In this article I will provide a working setup for log handling with Grafana Loki and the kubernetes logging operator. You need a kubernetes cluster with kube-prometheus-stack helm chart and logging-operator already installed. To keep it simple, there is no access control and we use filesystem storage for persistence.

Motivation

When setting up a Rancher managed RKE2 cluster, one often uses the Helm charts provided by Rancher to install frameworks for monitoring and logging. The rancher-monitoring chart is basically the kube-prometheus-stack helm chart. Although it is currently a few versions behind its upstream, you get all components for a ready-to-use metrics observability setup (Prometheus, Alertmanager and Grafana). With the rancher-logging chart things look different. What you get there is an (unconfigured) logging operator framework which allows to collect logs and forward them to a certain target, but the target itself is missing. As we have Grafana in place already, using Loki for log handling seems obvious. However, I did not find any working example setup, so here is one that should do the job.

The configurations in this article work out‑of‑the‑box, except for one dependency: In our setup Loki is installed in the namespace platform. If you use another namespace, adjust the Loki URL accordingly.

Configuring the Logging Operator

The logging operator uses Flows to collect the logs and Outputs to forward them to a target. We want to collect all logs of the cluster and send them to one single output, so we need just one ClusterFlow and one ClusterOutput.

The ClusterFlow is quite simple:

apiVersion: logging.banzaicloud.io/v1beta1
kind: ClusterFlow
metadata:
  name: all-logs-to-loki
  namespace: cattle-logging-system
spec:
  globalOutputRefs:
    - loki

The ClusterOutput needs a few more details. This is mainly due to the fact that the key for a useable Loki setup is to choose a good set of labels. And good mainly means to limit the combined label cardinality. Loki groups all logs into buckets, and for every existing label combination a separate bucket is created. So if your setup consists of four labels with 20 possible values each, you already end up with 20*20*20*20 = 160.000 potential buckets which is far more than Loki will be able to handle efficiently. There is no exact limit, but from my experience try to keep the real cardinality below 1.000. Hence, I strongly recommend to start with a very limited number of labels and only extend it if it really turns out to be too small for your needs.

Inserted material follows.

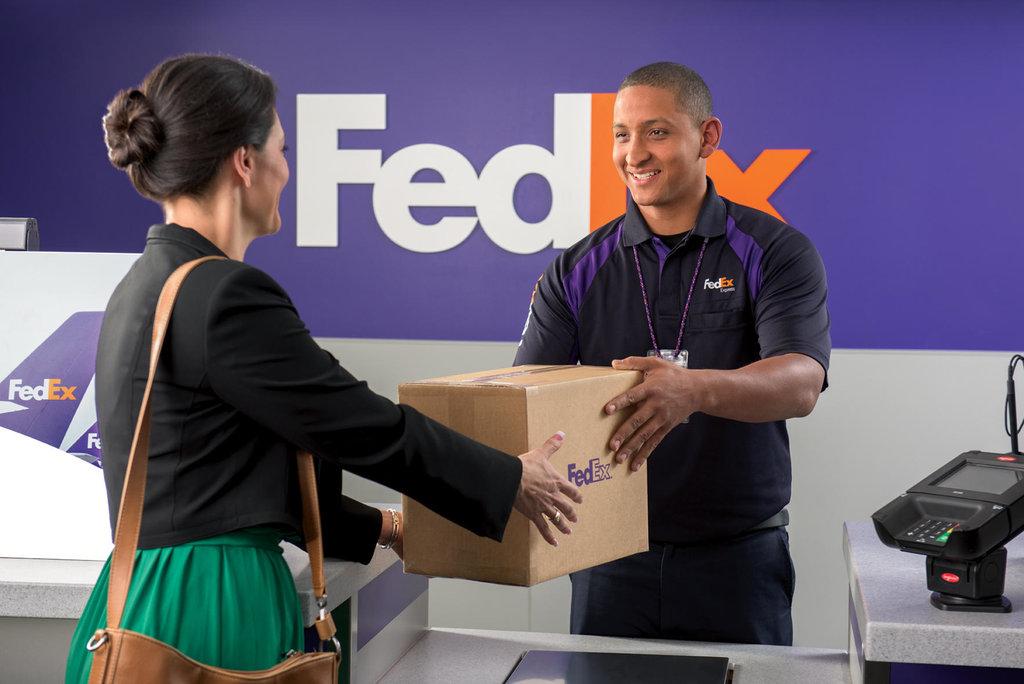 FedEx Office Ship Center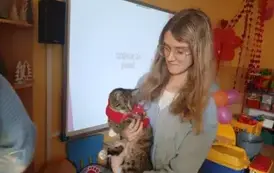 opiekunka z kotem na rękach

The ClusterOutput in my setup is:

# See https://kube-logging.dev/docs/configuration/plugins/outputs/loki/
# See https://kube-logging.dev/docs/configuration/plugins/outputs/buffer/

apiVersion: logging.banzaicloud.io/v1beta1
kind: ClusterOutput

metadata:
# this is the name referenced by the ClusterFlow
  name: "loki"
  namespace: "cattle-logging-system"

spec:
  loki:
# adapt the namespace in the URL if necessary
    url: http://loki-gateway.platform.svc.cluster.local
    buffer:
      compress: gzip
      flush_mode: interval
      flush_thread_count: 10
# compromise between fast visibility of logs in Grafana and number of pushes
      flush_interval: 5s
# nobody needs the thread label in the output.
    include_thread_label: false
    labels:
      namespace: $.kubernetes.namespace_name
# We may even think of removing this one:
      node: $.kubernetes.host
      service_name: $.kubernetes.container_name
      stream: $.stream
    remove_keys:
# Those keys are written to every single log line, so we try to safe some space by removing what we don't need.
      - $.logtag
      - $.kubernetes.labels
      - $.kubernetes_namespace
      - $.kubernetes.docker_id
      - $.kubernetes.pod_id
      - $.kubernetes.container_hash
      - $.kubernetes.container_image
      - $.kubernetes.annotations

As you can see, this setup defines only four labels, all of them with very limited cardinality. For example, the pod_name is not part of it as pods are created and destroyed quite often and hence their cardinality would quickly become large. If searching for a specific pod, use a line filter instead.

Side note: As an alternative to labels and the content of log lines themselves, Loki also offers structured metadata as a way to store attributes related to log output. Recent versions of fluent bit support them, so feel free to give it a try.

Now as we are ready to send logs to Loki, let’s set up the target.

Loki

For Loki installation we use the Loki Helm chart provided by Grafana. The installation via helm is already documented here, so we concentrate on the values you need to configure.

For clusters with limited log volume using filesystem storage is totally sufficient. Of course, if you have object storage available, feel free to use it. For larger log volumes it will be necessary anyways.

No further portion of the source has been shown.